What if Johnny Golding’s theory of “radical mattering” were adopted as a horizon of accountability for the postmodern, in general, and the hyperreal, in particular—not by resolving them but by making friends with the predictive logics so seductively rendered by Jean Baudrillard? This would be to betray Baudrillard by exactly not acknowledging the distinction between the simulation and the real and instead siding in favor with the immediacy of relational engagement.

The short form:

Johnny Golding is a political philosopher who examines questions of identity, technology, and art with an eye to charting strategies for creating futures differently or otherwise. For me, Golding’s conceptualization of “technologies of otherness” are paramount to my seduction with her thought—strategies for rethinking a relational approach to philosophical living, inflected by the eloquent concepts of radical mattering, and friendship.[7] Thinking through and beyond the post structural categories of deconstruction and difference, Golding seeks ways to mark difference as a new form of philosophical accountability, making difference matter as the true horizon of living in a deconstructed world.[8] In this, and against theories of enlightened knowledge or redemptive understanding, I take Golding as a prophet of attunement, a thinker of relational politics for the ways that engagement and encounter turn into experiences that matter—a sort of philosophical UX for an age of predictive living.

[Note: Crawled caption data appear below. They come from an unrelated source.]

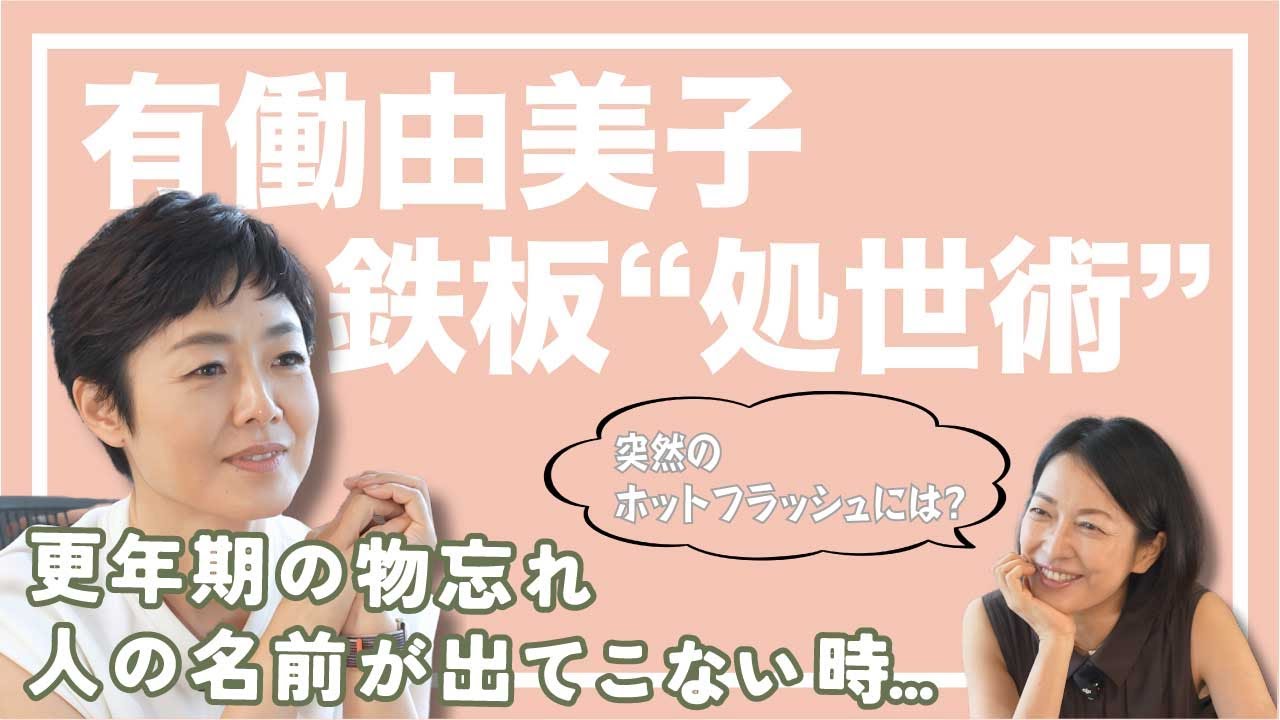 #5【あの人誰だっけ？】有働由美子が語る“物忘れ＆ホットフラッシュ”のリアルに羽田美智子も共感！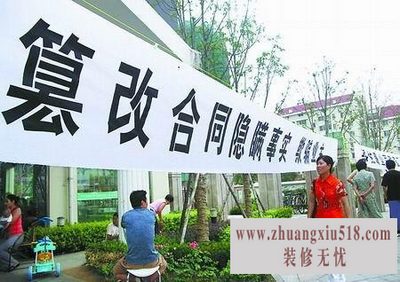 闪避买房陷阱小绝招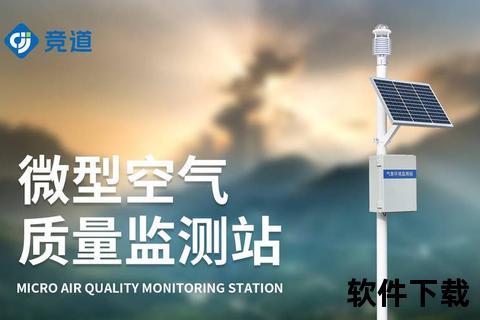 高效实时智能温度监测软件助您无忧掌控环境变化 高效实时智能温度监测软件助您无忧掌控环境变化
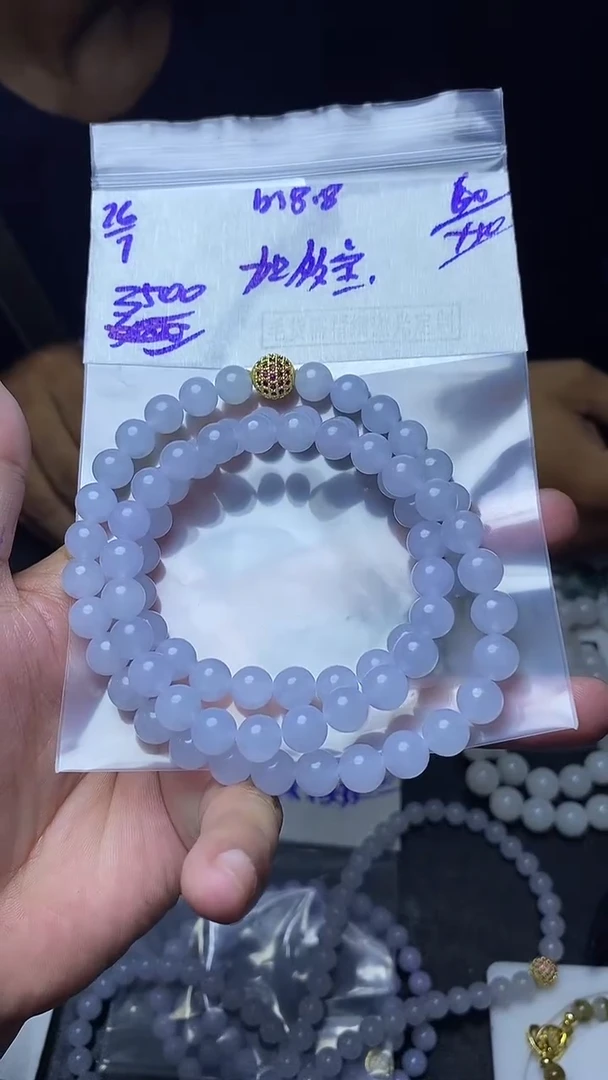 定制翡翠未镶嵌加*宝毛货需精细抛光定制拍一发一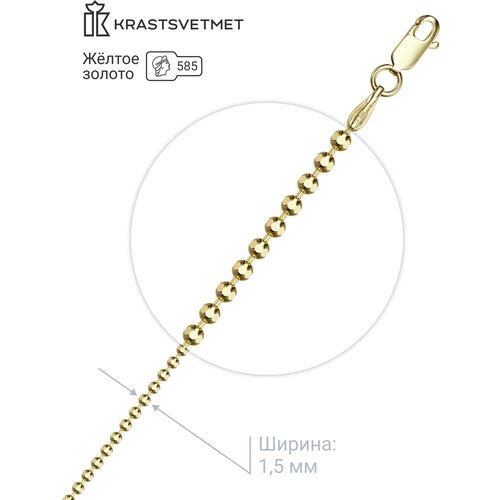 Браслет-цепочка Krastsvetmet, желтое золото, 585 проба, длина 18 см.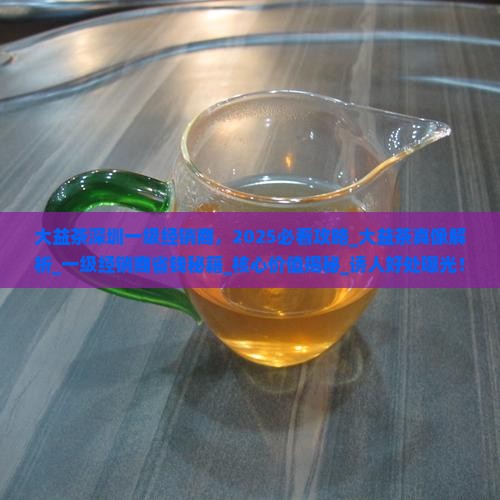 大益茶深圳一级经销商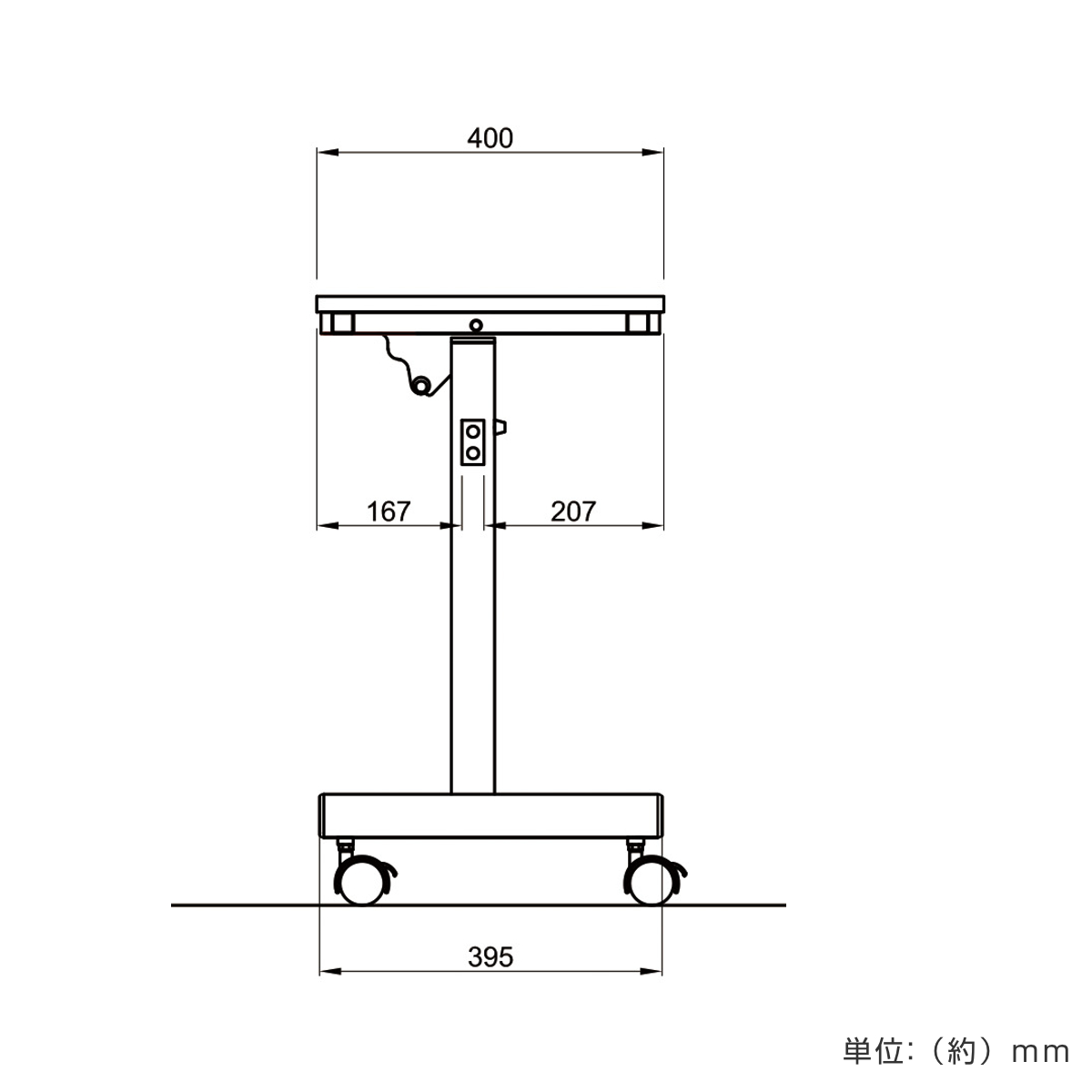 フォールディングテーブル 幅120cm 奥行き40cm キャスター付き 折りたたみ ( 法人限定 テーブル 長机 スタッキング 会議机 ミーティングテーブル シンプル デスク ワークテーブル オフィステーブル 会議室 机 会議テーブル 会社 ) 【ナチュラル】 ナチュラル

Jean Baudrillard is French philosopher perhaps best known for his theories of simulation and the hyperreal and his argument that in digital times it no longer makes sense to think about the real.[9] Baudrillard, from my perspective, might also be the philosopher most responsible for the popularization of “post-truth”—a hallmark of postmodern thought and (for different reasons) the bane of contemporary 21st politics. But for me, the seduction of Baudrillard’s thinking has nothing to do with truth; for me the question always comes back to the stakes of the experiential moment. The seduction of the virtual only matters within a horizon where something like life is nonetheless still happening, true or post-truth, or not. In this, Baudrillard for me is the last and best of the postmodernists, insisting that the horizon of technological living is not one of logic but of seduction and calculated gambles.[10]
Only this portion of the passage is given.